GOTHIC is an interdisciplinary work that explores expressions of gothic from ancient to contemporary times, through word, image and music. European, American and Australian gothic narratives play out in an elegant contemporary song cycle presentation, framed by three large ‘floating’ gothic windows. Across these, a dynamic visual scenography merges Australian and European landscapes, together with historic and contemporary graphics. Andrée Greenwell firmly places her score at the centre of the performance as a ‘theatre of music’, while the diverse artistic elements combine in this essentialist production format to reveal ‘a poetic of the gothic’, and this in contrast to hyper-real expressions of the gothic in contemporary screen culture.

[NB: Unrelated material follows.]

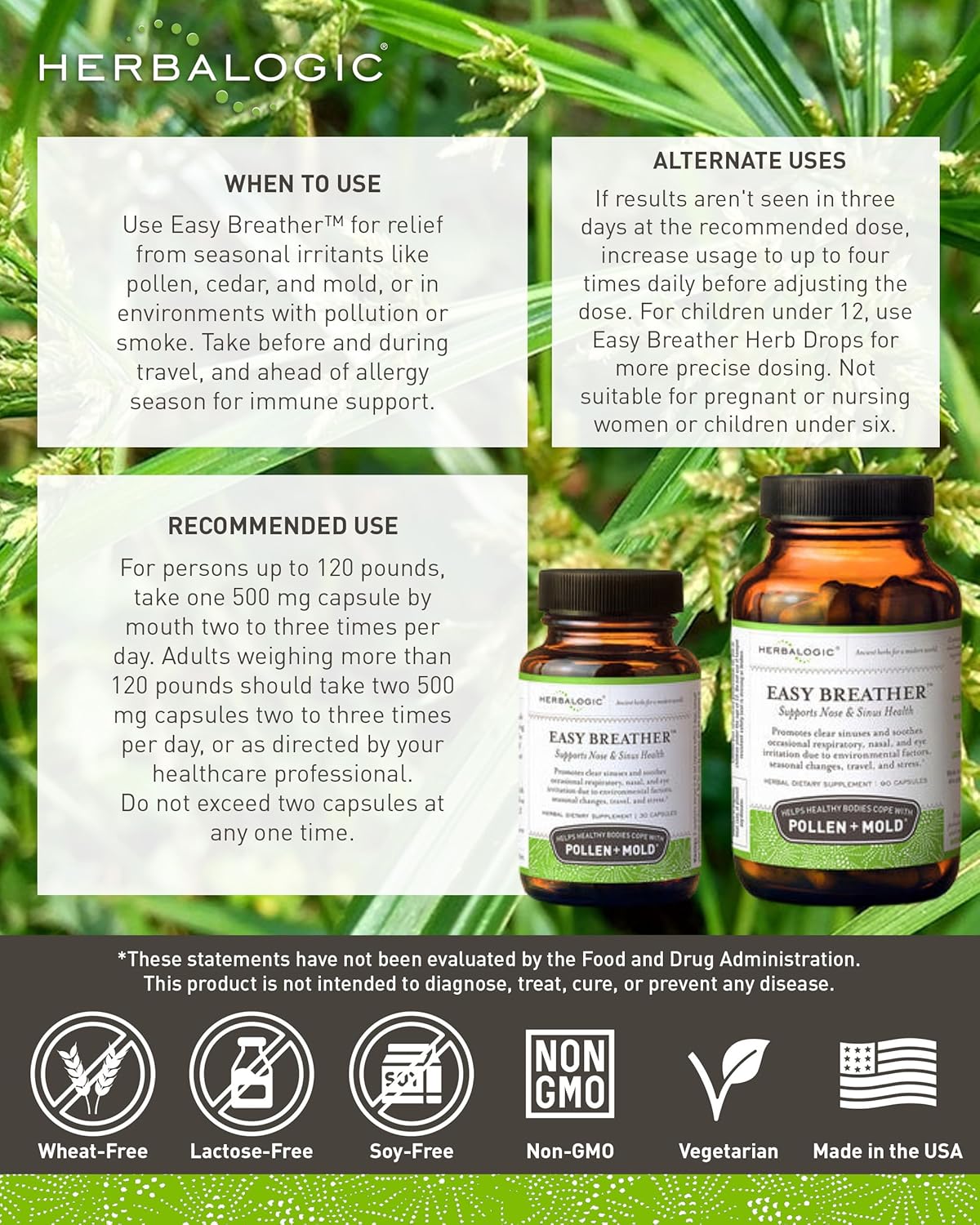 Herbalogic - Easy Breather Herb Capsules - Supports Nose & Sinus Health - Helps Healthy Bodies Cope with Pollen & Mold - Based on The Traditional Chinese Formula Yu Ping Fang San - 30 Cap Count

Greenwell’s score is for two vocalists, string quartet, and electric guitar/electronics/sound design, across which she inventively merges folk, postminimalist, post-punk and contemporary classical styles. She collaborates on a cinematic/electro sound design with music producer and electric guitarist, David Trumpmanis. The score of diverse sources is variously complemented and counterpointed by the evocative motion-graphics of London-based artist, Michaela French.
Andrée has scored ‘Annabel Lee’ and ‘The Bells’ by Edgar Allan Poe, alongside new songs to lyrics by Australian writers: ‘The Birds’ (Hilary Bell) after Du Maurier’s short story; a ‘Totentanz’ (Felicity Plunkett) inspired by the German medieval frescoes; ‘Orpheus Song’ (Alison Croggon); ‘Death at the Beach Motel’ (Hugo Race, founding member of The Bad Seeds with Nick Cave) about the heroin overdose of Australian painter Brett Whitely; and Maryanne Lynch has worked with Andrée on ‘Chosen’, concerning the detainment of Austrian Kirsten Fritzl by her grandfather, with her mother and siblings
Additionally, covers of songs that express ideas of ‘gothic’ across history dynamically juxtapose Greenwell’s originals: Kate Bush’s ‘Wuthering Heights’, the German medieval hymn ‘Maria durch ein’ dornwald ging’, Schubert’s ‘Erlking’, the Cure’s ‘A Forest’, Rod Temperton’s ‘Thriller’, famously recorded by Michael Jackson, and Angelo Badalamenti’s theme ‘Falling’ from the television series 'Twin Peaks'.
All this is linked, and at times undercut, by the sound design, including an inventive integration of the Joplin tornado Missouri, captured on iPad in 2012. A rich music theatre journey of word, image and music, takes place across the concert presentation.